**Problem description:**
Exactly the lines from the one containing "Uttermost Rustic Wood" through the end of the listing below are required, restated word for word and without pictures.

**Material provided:**
┏━━
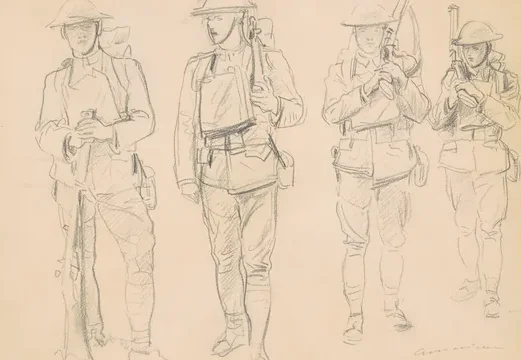 Studies for "Entering the War" [recto]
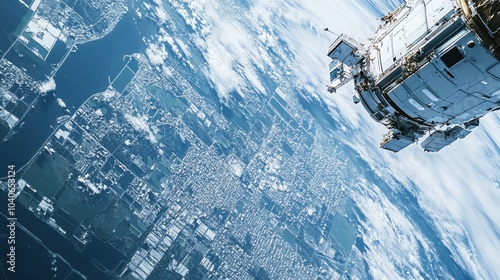 A detailed view of a satellite-based Earth observation camera sensor, capturing detailed environmental data, Remote sensing technology style
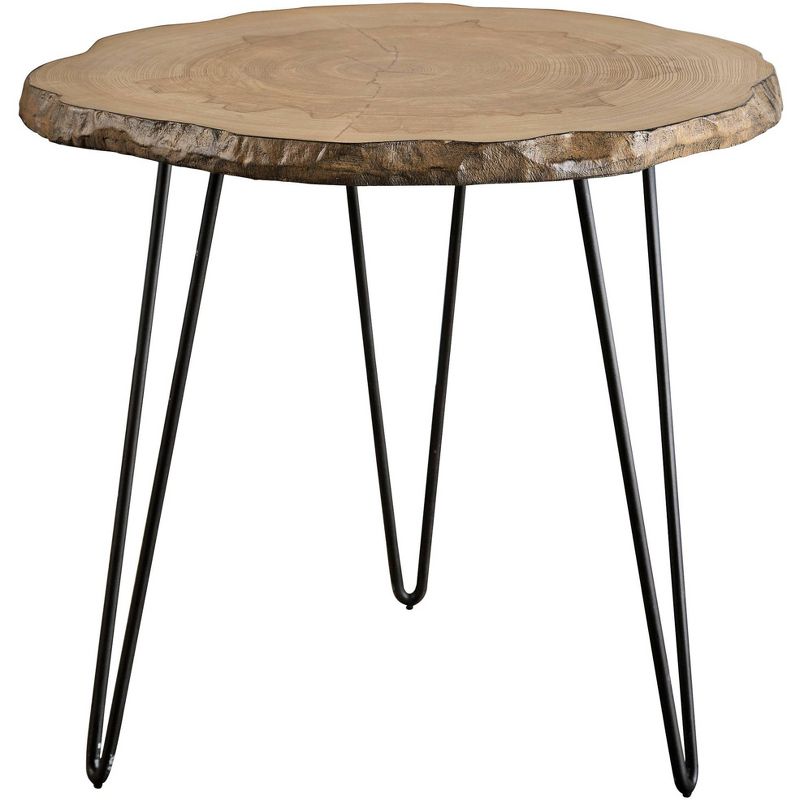 Uttermost Rustic Wood Round Accent Side End Table 22" Wide Natural Aged Black Iron Legs for Living Room Bedroom Bedside Entryway, 1 of 2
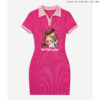 Contrast Trim Collar Dress - Just Coffee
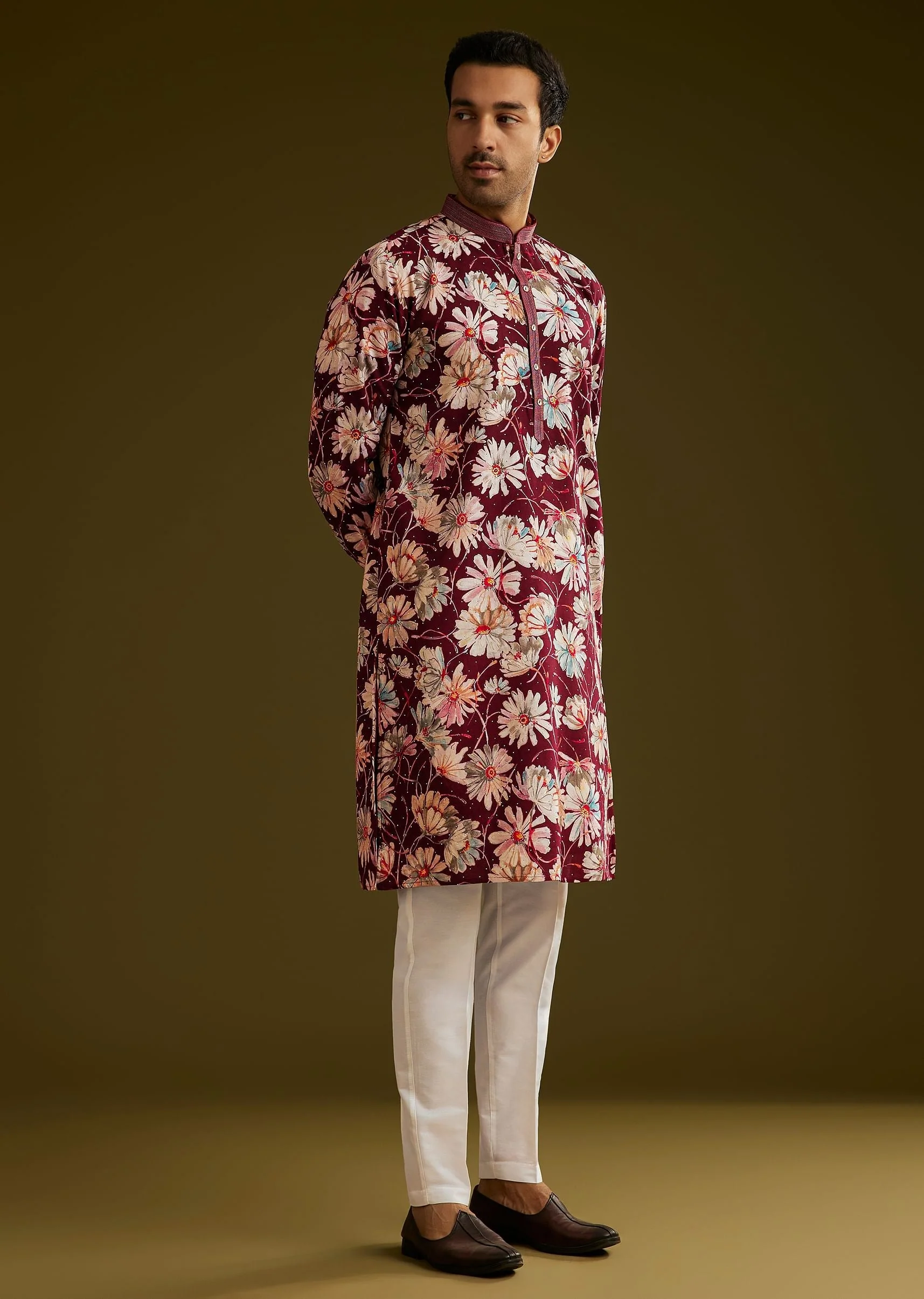 Wine Silk Floral Printed Kurta Set With Stone Work - Image 3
┗━━
**Solution for this exercise:**
 Uttermost Rustic Wood Round Accent Side End Table 22" Wide Natural Aged Black Iron Legs for Living Room Bedroom Bedside Entryway, 1 of 2
 Contrast Trim Collar Dress - Just Coffee
 Wine Silk Floral Printed Kurta Set With Stone Work - Image 3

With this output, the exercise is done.